▶ **WORK ITEM**
Beginning with the line of the entries below that holds "GMETNIC Diamond Art" and ending with the line that holds "Royal Satin Midi", transcribe each line exactly as written. Pictures stay out.

Items from a data source:
^^^^

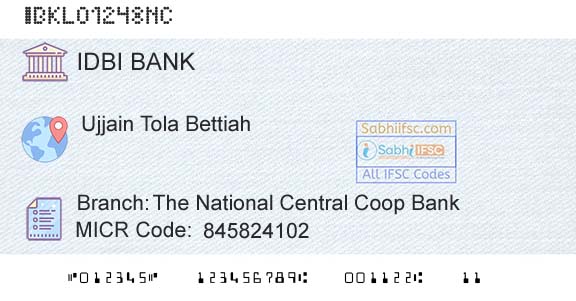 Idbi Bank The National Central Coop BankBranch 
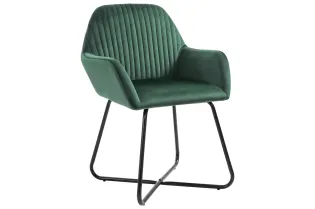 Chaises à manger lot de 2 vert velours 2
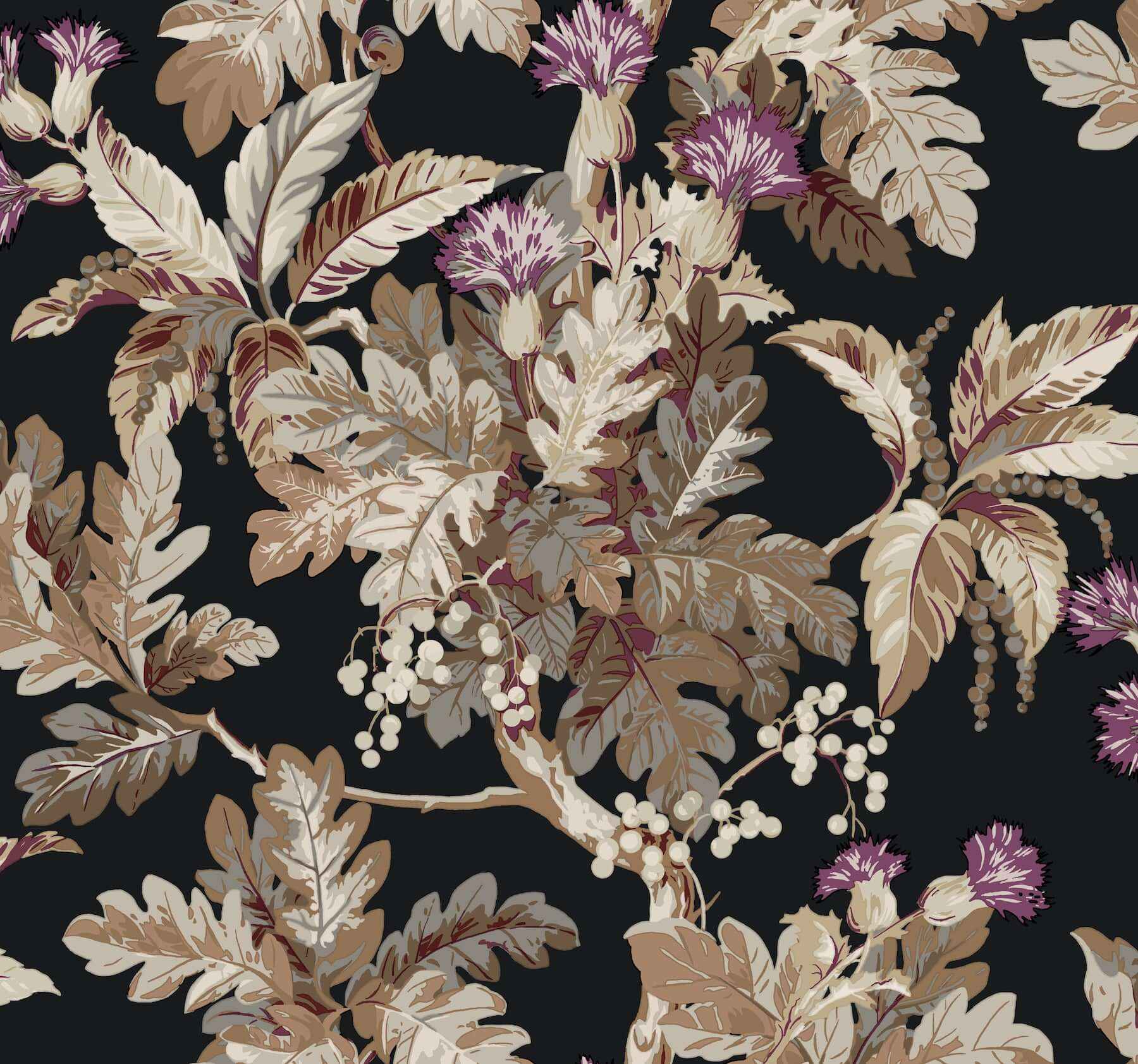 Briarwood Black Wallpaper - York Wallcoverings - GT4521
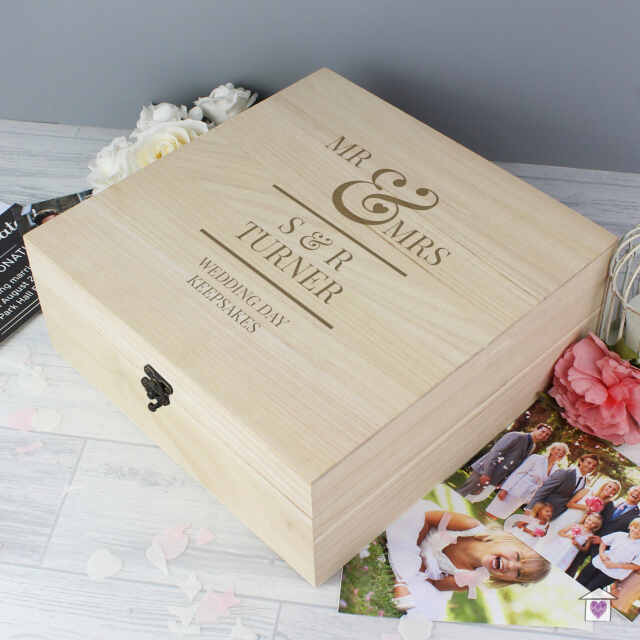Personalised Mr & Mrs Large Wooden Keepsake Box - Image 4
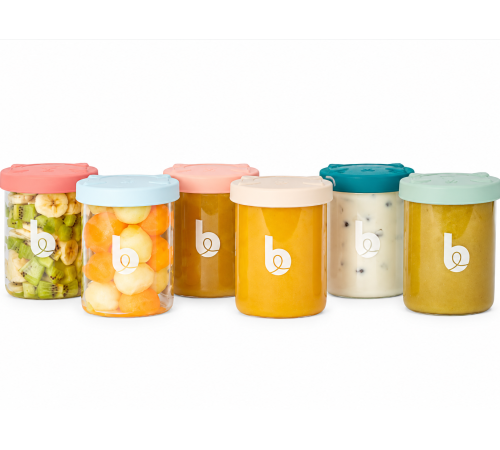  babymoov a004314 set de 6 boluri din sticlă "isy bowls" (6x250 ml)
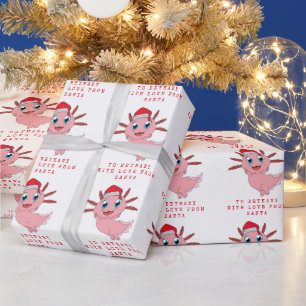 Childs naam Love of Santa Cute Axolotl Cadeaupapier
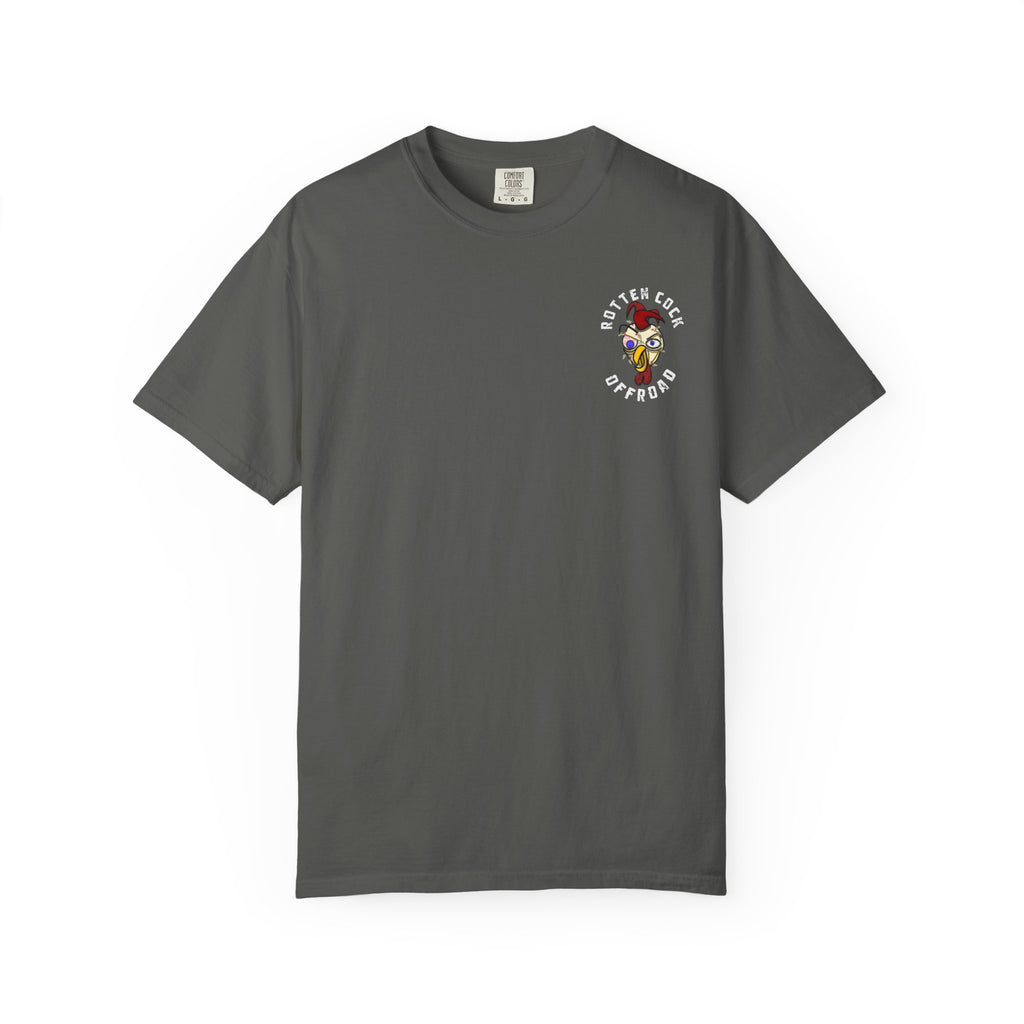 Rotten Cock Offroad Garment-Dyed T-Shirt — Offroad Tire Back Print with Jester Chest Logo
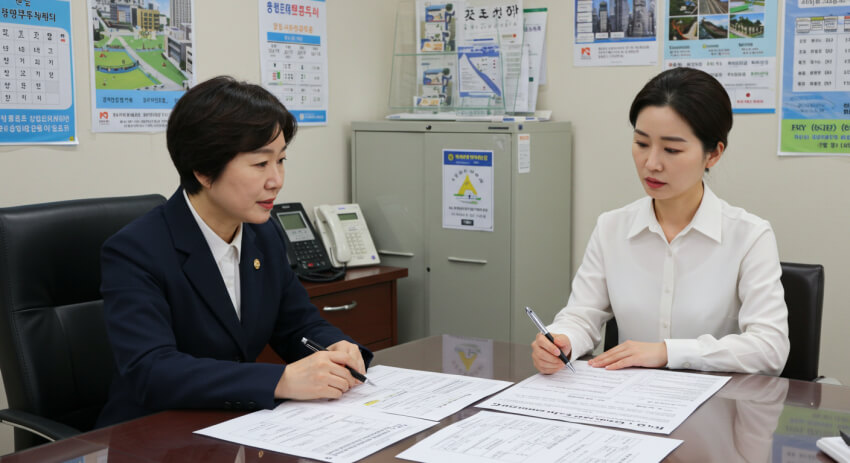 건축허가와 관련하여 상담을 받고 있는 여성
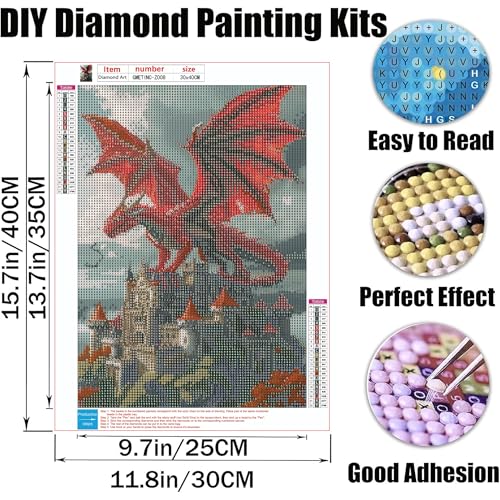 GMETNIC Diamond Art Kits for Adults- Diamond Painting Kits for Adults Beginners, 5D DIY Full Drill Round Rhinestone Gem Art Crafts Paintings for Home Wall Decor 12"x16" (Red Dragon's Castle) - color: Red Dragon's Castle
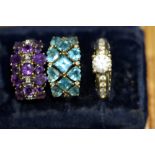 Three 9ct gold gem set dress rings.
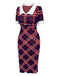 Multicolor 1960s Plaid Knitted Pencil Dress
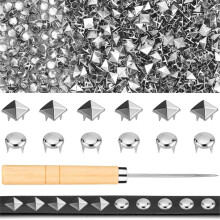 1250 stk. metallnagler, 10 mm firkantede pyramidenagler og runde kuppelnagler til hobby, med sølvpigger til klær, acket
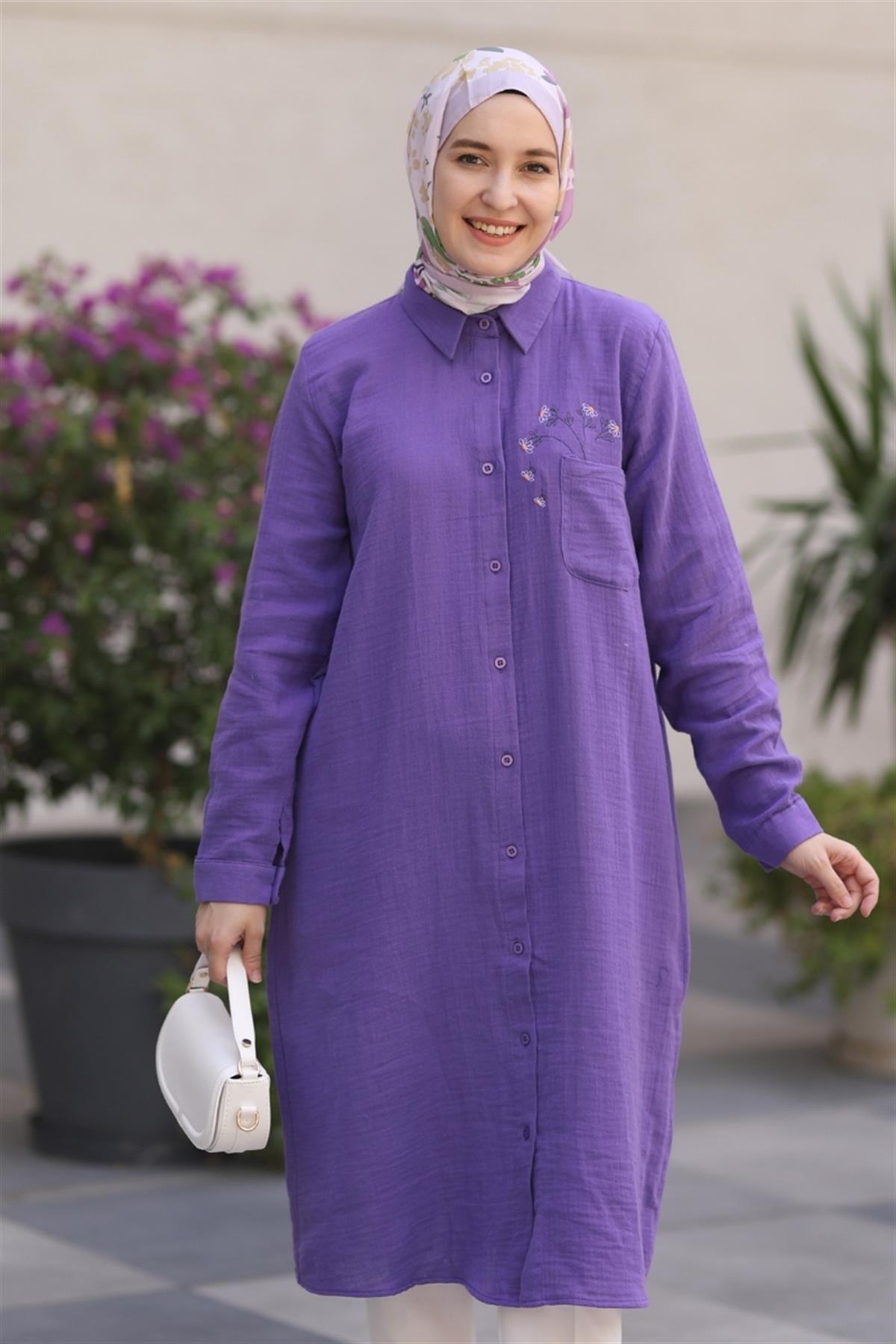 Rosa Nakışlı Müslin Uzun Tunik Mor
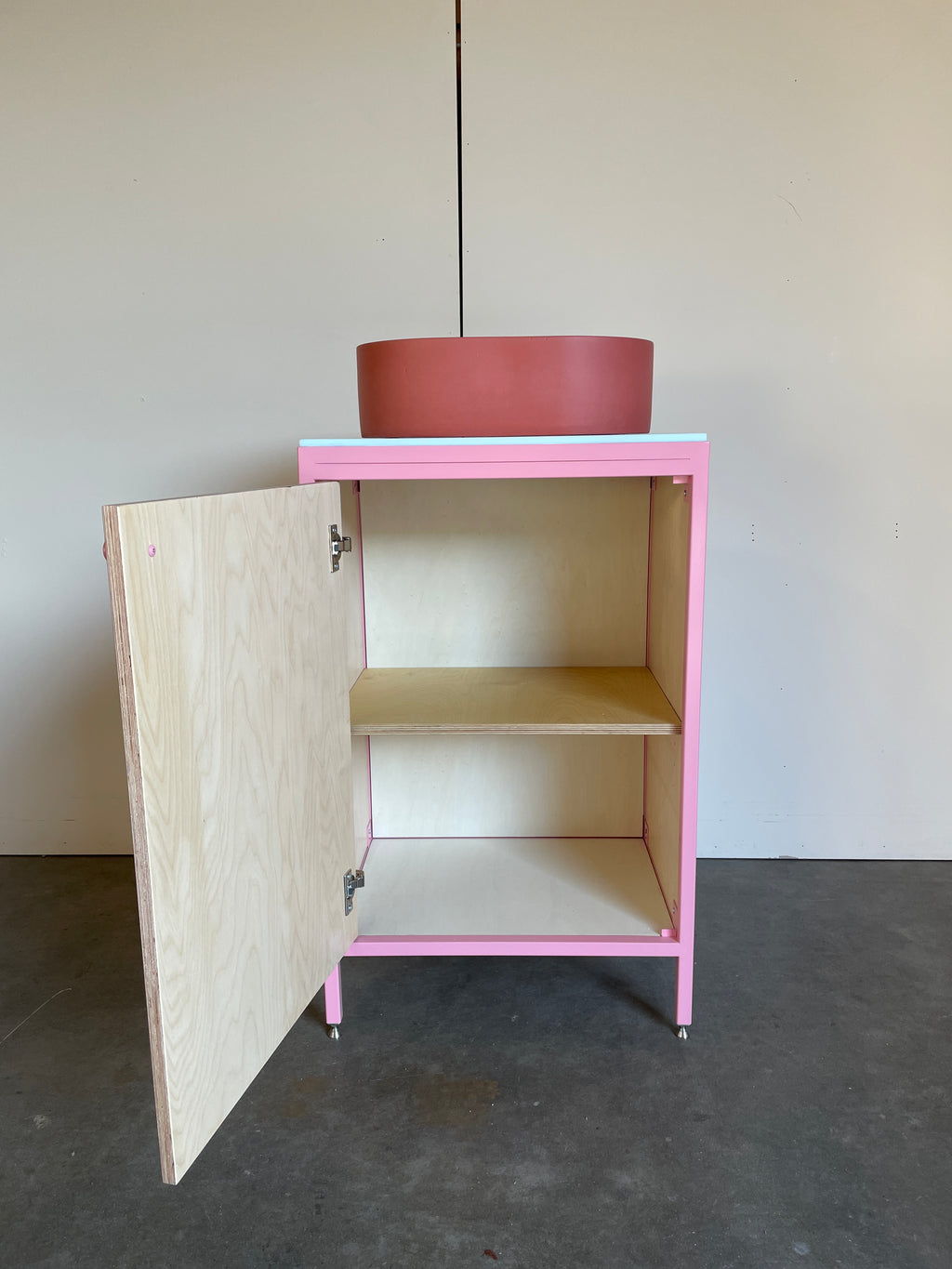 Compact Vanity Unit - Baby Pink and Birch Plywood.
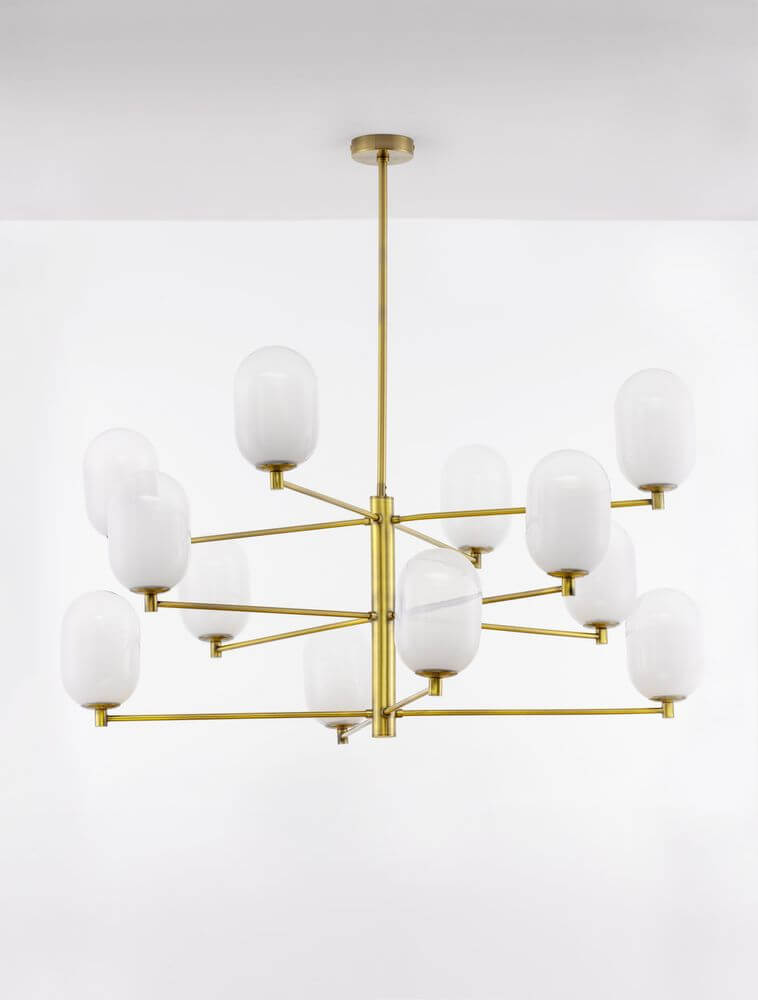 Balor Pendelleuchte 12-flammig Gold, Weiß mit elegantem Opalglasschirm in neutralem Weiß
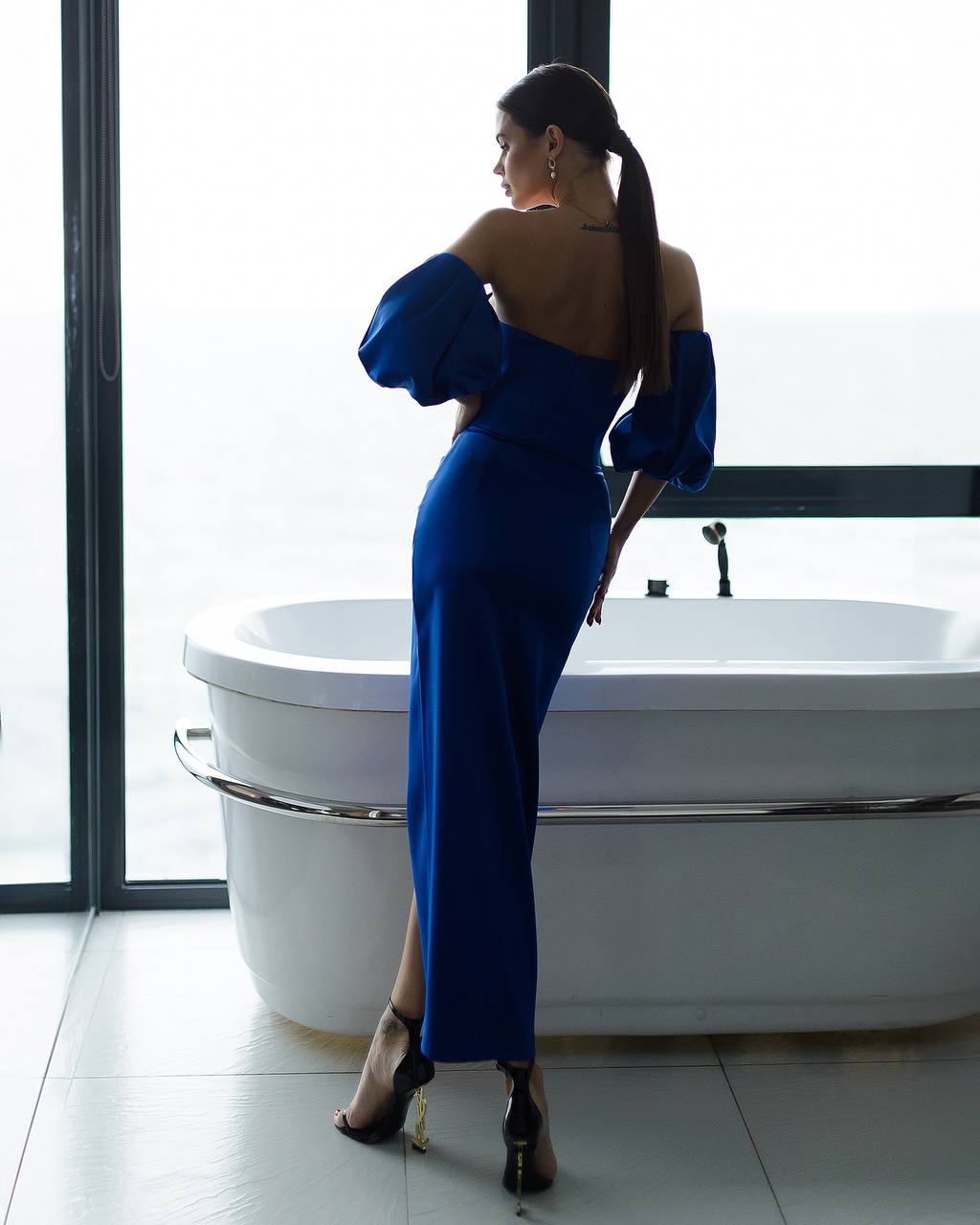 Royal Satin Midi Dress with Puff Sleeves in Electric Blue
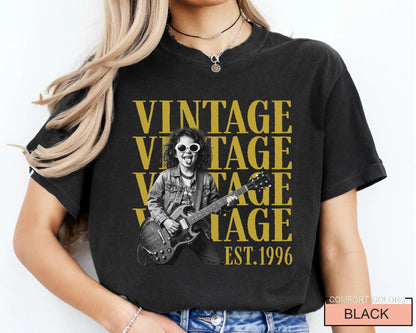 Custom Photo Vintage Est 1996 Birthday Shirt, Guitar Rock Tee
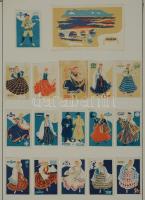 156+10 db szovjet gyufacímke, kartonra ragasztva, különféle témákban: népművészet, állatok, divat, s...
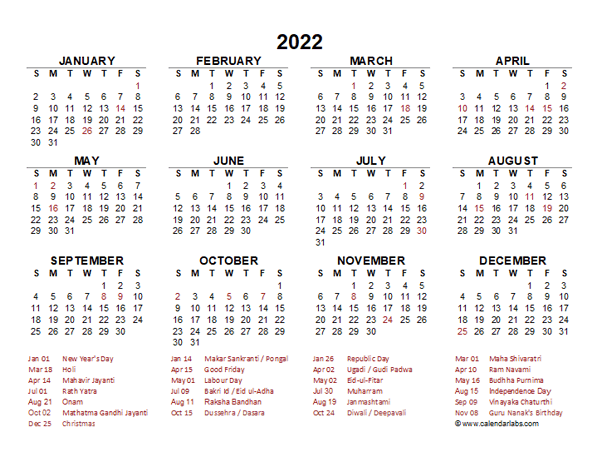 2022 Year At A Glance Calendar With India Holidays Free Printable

^^^^

▶ **COMPLETED TASK**
 GMETNIC Diamond Art Kits for Adults- Diamond Painting Kits for Adults Beginners, 5D DIY Full Drill Round Rhinestone Gem Art Crafts Paintings for Home Wall Decor 12"x16" (Red Dragon's Castle) - color: Red Dragon's Castle
 Three 9ct gold gem set dress rings.
 Multicolor 1960s Plaid Knitted Pencil Dress
 1250 stk. metallnagler, 10 mm firkantede pyramidenagler og runde kuppelnagler til hobby, med sølvpigger til klær, acket
 Rosa Nakışlı Müslin Uzun Tunik Mor
 Compact Vanity Unit - Baby Pink and Birch Plywood.
 Balor Pendelleuchte 12-flammig Gold, Weiß mit elegantem Opalglasschirm in neutralem Weiß
 Royal Satin Midi Dress with Puff Sleeves in Electric Blue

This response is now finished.